The dissident republican group, the New IRA, was most likely responsible for killing Lyra McKee, police said after a clear escalation in recent violence.

The Police Service of Northern Ireland said the 29-year-old journalist and author was shot and killed, probably by a stray bullet, during rioting in the Creggan area.


Assistant Chief Constable Mark Hamilton said a gunman fired a number of shots at police during the unrest Thursday evening.

“We believe this to be a terrorist act,” he said. “We believe it has been carried out by violent dissident republicans.”

Hamilton said the force’s assessment “is that the New IRA are most likely to be the ones behind this and that forms our primary line of inquiry.”

A murder investigation has been launched, but there have been no arrests. Police appealed for calm to prevail on Easter weekend.

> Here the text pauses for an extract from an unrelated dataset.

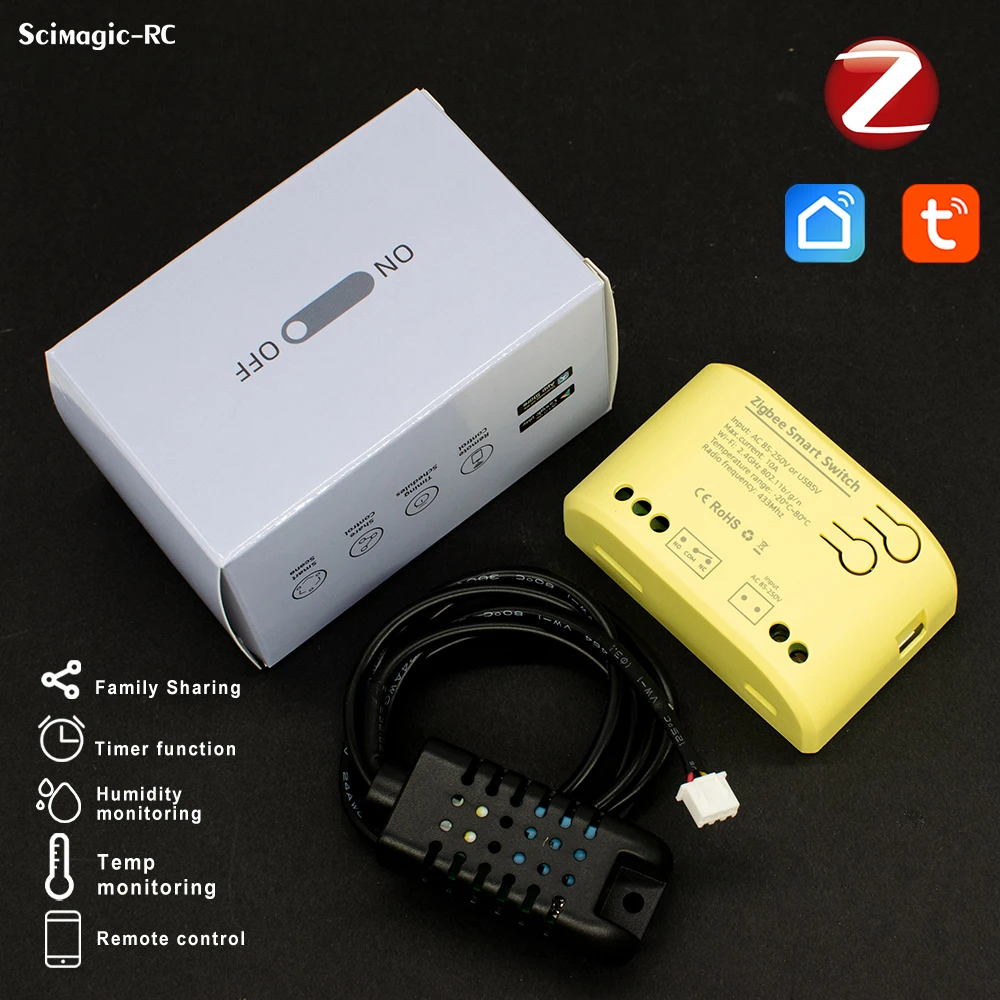 

Zigbee Tuya 7-32 В или 85-250 В Мониторинг температуры и влажности Умное управление с помощью WIFI и 433 МГц ВЧ с помощью Alexa Google Home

Deputy Chief Constable Stephen Martin said police believe more than one person was involved in the shooting.

“We certainly believe there was more than one person who was involved in this last night. Obviously, only one person pulled the trigger, but there was more than one person,” he said.

He said the violence started after police entered the area to search for weapons and that the gunman was aiming at policemen when the rioting intensified.

Mayor John Boyle said the city was united in mourning her death.

“I have known her since she was 16 years old,” he said.

“She was bright, she was warm, she was witty, but most of all, she was an outstanding individual, a great friend to so, so many people in this city in the short time that she was with us.”

The New IRA is a small group of republicans who reject the 1998 Good Friday agreement that marked the Irish Republican Army’s embrace of a political solution to the long-running violence known as “The Troubles” that claimed more than 3,700 lives.

The group is also blamed for a Londonderry car bombing in January that did not cause any injuries. It is regarded as the largest of the splinter dissident groups still operating and has been linked to several other killings in the past decade.

There has been an increase in tensions in Northern Ireland in recent months with sporadic violence, much of it focused in Londonderry, also known as Derry.

McKee, the victim of the shooting, rose to prominence in 2014 with a moving blog post — “Letter to my 14-year-old self ” — describing the struggle of growing up gay in Belfast, the capital of Northern Ireland.

In the post, she described the shame she felt at 14 as she kept the “secret” of being gay from her family and friends and the love she received when she was finally able to reveal it.

McKee had recently signed a contract to write two books.

Hours before her death, she tweeted a photo of the riot with the words: “Derry tonight. Absolute madness.”